My dad and I were going through our new routine – sitting next to my mom in the ICU while she slept. We kept pretty quiet to try to not to disturb her, since good sleep in the ICU was rare. This unit was grandfathered in, which meant there were no walls between patients despite that being the new regulation. And I can see why that regulation passed. Machines beeped and droned constantly. Visitors yacked loudly on cellphones making personal calls (against a rule that apparently no one would enforce). But the worst was when something was going wrong. One patient tried to tear out all of his tubes while swearing up a storm and thrashing around the unit. Even more disturbing was when nurses would swarm a patient when something was going terribly wrong.

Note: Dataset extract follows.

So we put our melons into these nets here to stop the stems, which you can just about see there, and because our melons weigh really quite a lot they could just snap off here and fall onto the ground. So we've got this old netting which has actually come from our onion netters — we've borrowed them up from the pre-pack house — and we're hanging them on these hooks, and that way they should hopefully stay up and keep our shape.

It wasn’t a good place for the kind of peaceful rest you need after you almost died.

But since my dad and I were trying not to make my mom’s space any noisier than it already was, we mostly sat and listened. And I’ll always remember one of the conversations we silently listened to, only communicating with each other through mutual eye rolls.

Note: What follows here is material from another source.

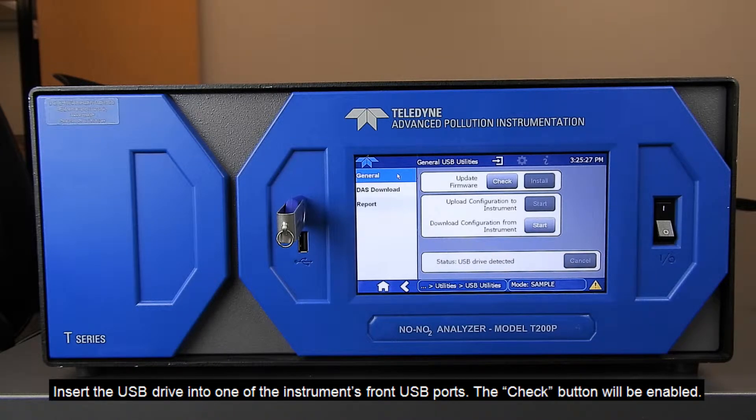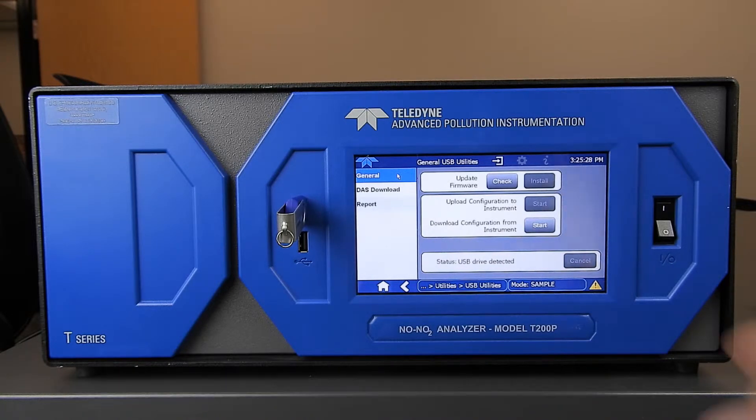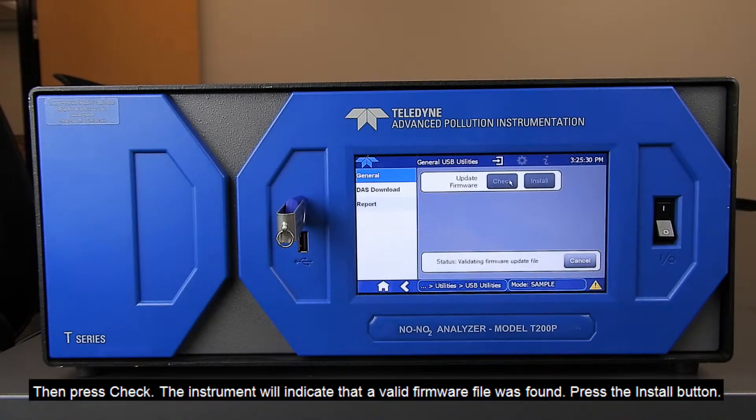The Check button will be enabled. Press Check. The instrument will indicate that a valid firmware file was found.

A man had been admitted in the bed next to my mom for triple bypass surgery (yes, you hear that much detail and more – if I had been taking notes I could have told you his whole medical history and current medications…so much for medical privacy). It seemed to have been pretty routine and uncomplicated – he had been wheeled out and back and was pretty much instantly looking back to normal. He was immediately eating solid food while resting in his lazy boy. To put things into perspective, my mom had just been given her first nutrient IV bag after almost a week of no food at all, and still couldn’t stand.

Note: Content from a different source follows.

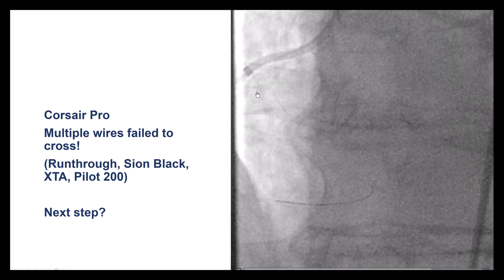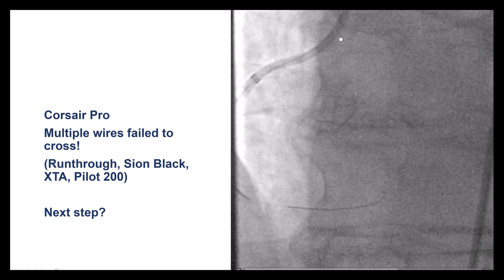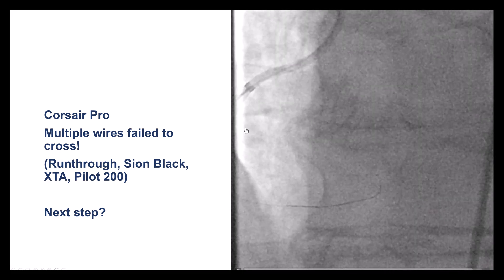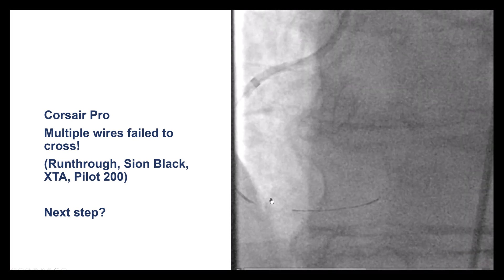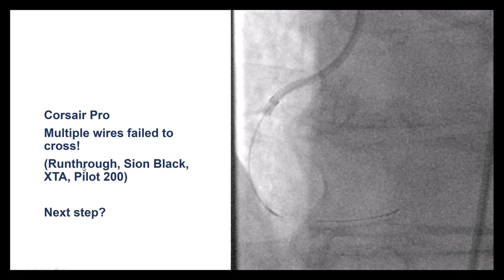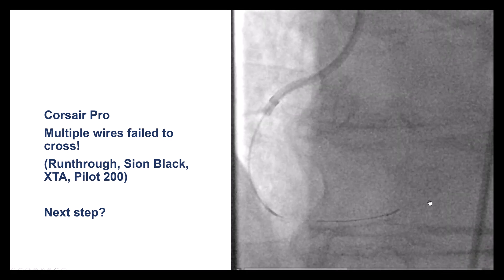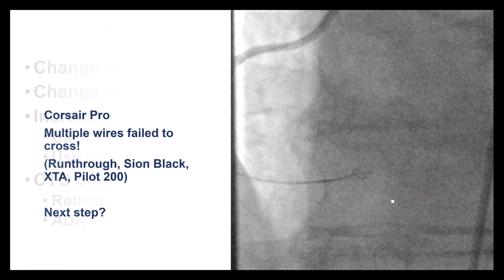The first step is to advance a guide wire. We had planned for complex PCI, using an 8-French AL-1 guide deeply engaged into the vessel for good support, and also came in with a microcatheter. Despite trying various guide wires — including workhorse wires, polymer-jacketed wires like the Xeon Black, Filder XTA, as well as the Pilot 200 — we were unable to cross through the RCA distal lesion.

The man called a nurse and she promptly came to help him with what he needed. He said to her, “My brother says if you thank nurses, you get better service. So I guess I should say thank you.”

The nurse looked at him incredulously for one moment before squeezing a “you’re welcome” through gritted teeth.

I was kind of stunned. Who thinks that way? You think the only reason you should be polite and thank someone is because you selfishly want better service? You know, not because that nurse was part of a team that saved your life? More so, who says that out loud without realizing how incredibly rude it is?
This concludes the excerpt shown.